Сейчас, перед райотделом полиции, мои ощущения как в детстве. Тот же крупнокалиберный пот на лице. Те же бледные, нервно подёргивающиеся щёки. Те же испуганные, ввалившиеся глаза. И апдайковская мысль в мозгу: «Беги, кролик, беги!». Не знал, что шаги к признанию будут такими сложными.
Я уже был здесь. В райотделе полиции, где, кажется, всё залито высохшей кровью. Тогда меня вызвали после того, как я обратился в больницу с черепно-мозговой травмой. Допрашивал следователь Макаров. К нему и пойду.
Ступаю по бледно-розовому «мраморному» полу. Как и в прошлый раз, хрипя, тяжело поднимаюсь по ступеням. На двери покосившиеся цифры 16. Ещё сильнее покрываюсь испариной. Словно тяжёлобольной, который вот-вот умрёт от лихорадки.
«Отче наш, Иже еси на небесех! Да святится имя Твое, да приидет Царствие Твое…». Меня учила читать молитву бабушка. Когда я был маленьким, она говорила мне: «Данечка, если тебе тяжело, помолись Господу. Он поможет, Он всё видит…». Без молитвы мне не переступить порог, не решиться. Моё сердце работает, как трансформаторная будка. Я сотрясаюсь от вибрации.

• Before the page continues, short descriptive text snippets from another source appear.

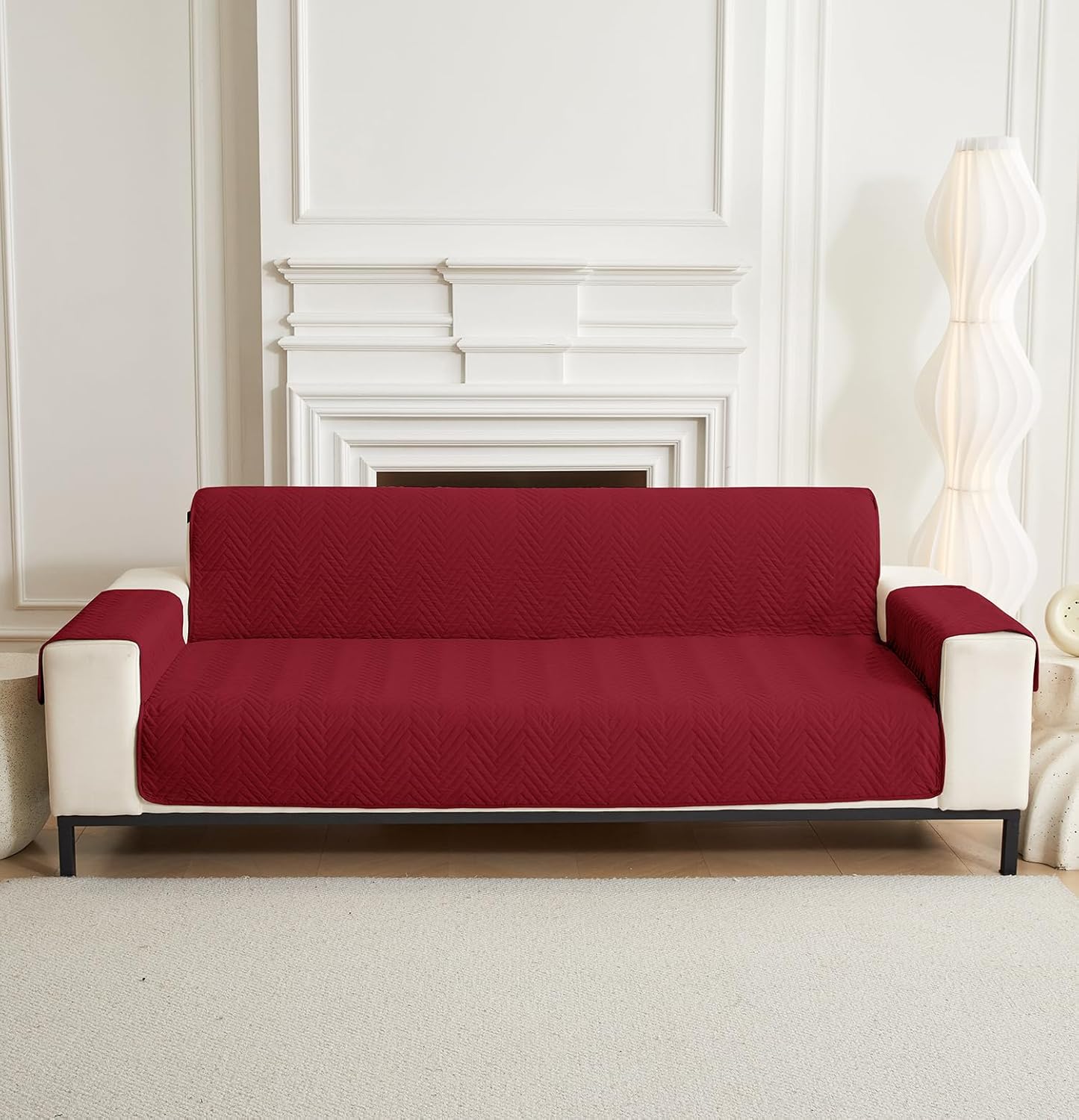 NON SLIP QUILTED SOFA PROTECTOR MAT - PLAIN MAROON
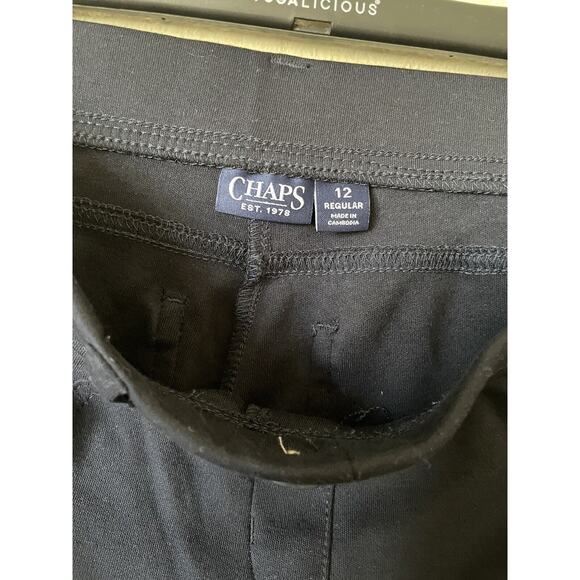Lot Of 2 Chaps Navy Blue Uniform Elastic Waist Ponte Knit Jeggings Pants Size 12 - Picture 10 of 15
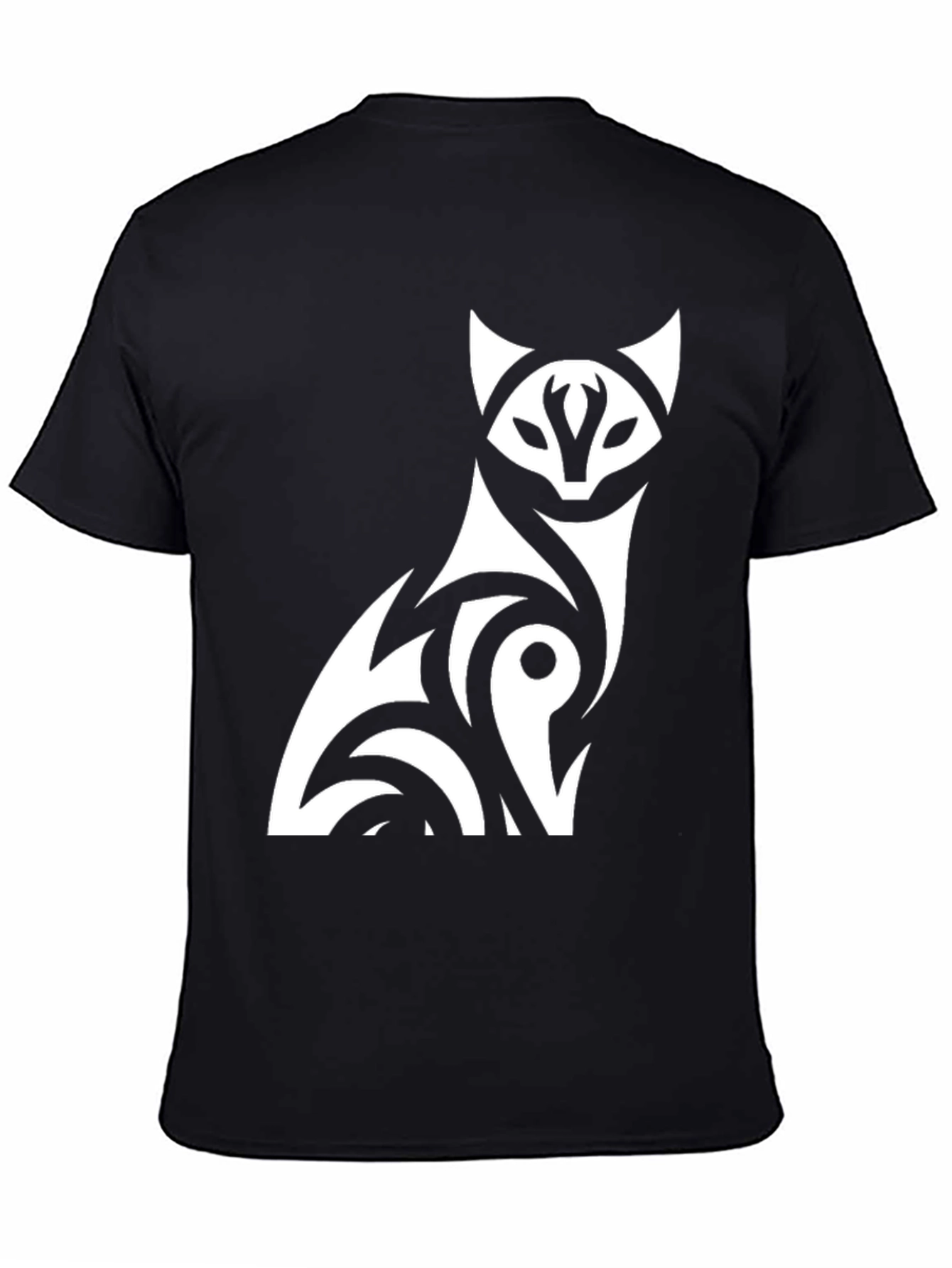Black Tribal Fox Graphic Tee - Stylish Black T-Shirt view 4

Момент, когда я берусь за дверную ручку и толкаю дверь, кажется мне вечностью. Для полноты ощущения не хватает разве что хронологии жизни, проносящейся перед глазами.
— Д-д-д-добрый день! — заикаясь, бормочу я.
— Вы к кому, молодой человек? — окидывает меня взглядом молодящийся, седовласый мужчина в форме.
— М-м-мне Макарова… надо бы… следователя…
— По особо важным делам? — этого я не знал. — Алексея Ивановича?
— Наверное…
Он медленно встаёт из-за стола. Прочищает свои гуцульские усы, похожие на лохматые сосульки, и подходит ко мне. Я едва стою на ногах.
— По какому вопросу? — спрашивает седовласый.
— Надо, очень надо, — запинаюсь я.
— Ну, если надо, — он как-то тепло, по-отечески улыбается, — то предоставим.
Он запирает кабинет. Поднимается по лестнице. Проходит вглубь коридора третьего этажа. Я ползу за ним. Мы останавливаемся у лакированной деревянной двери с именной табличкой.
— Что с вами? Вам дурно? — седовласый с беспокойством смотрит на меня.
— Нет, — я сглатываю накативший ком, — жарко.
— Да, сегодня жарко, — он стучится в дверь и, дождавшись ответа, заглядывает внутрь. — Алексей Иванович, к вам пришли. Можно?
— Заходите, — из-за двери раздаётся властный голос.
Седовласый кивает мне головой и пропускает в кабинет. Заходит следом.
Обстановка куда лучше, чем в шестнадцатом кабинете. На чёрном столе — ноутбук. Под потолком — белый кондиционер. На застеклённых полках шкафов — вымпелы, флажки, глобус, оружие и груды папок.
Макарова я узнал сразу. Те же аккуратно подстриженные усики и уверенная стать. Волосы чёрные, как смоль, но на висках пробивается едва заметная седина. Впрочем, она придаёт ему благородства.
Макаров смотрит на меня, потом на седовласого:
— Спасибо, вы свободны. — Вновь обращается ко мне. — Какими судьбами к нам, Даниил?
Он жёстко произносит моё имя. И эта жёсткость пугает даже больше, чем то, что он его знает.
— П-п-простите? — вновь заикаюсь я.
— Какими судьбами, Даниил? Что ж тут непонятного? — он встаёт из-за стола.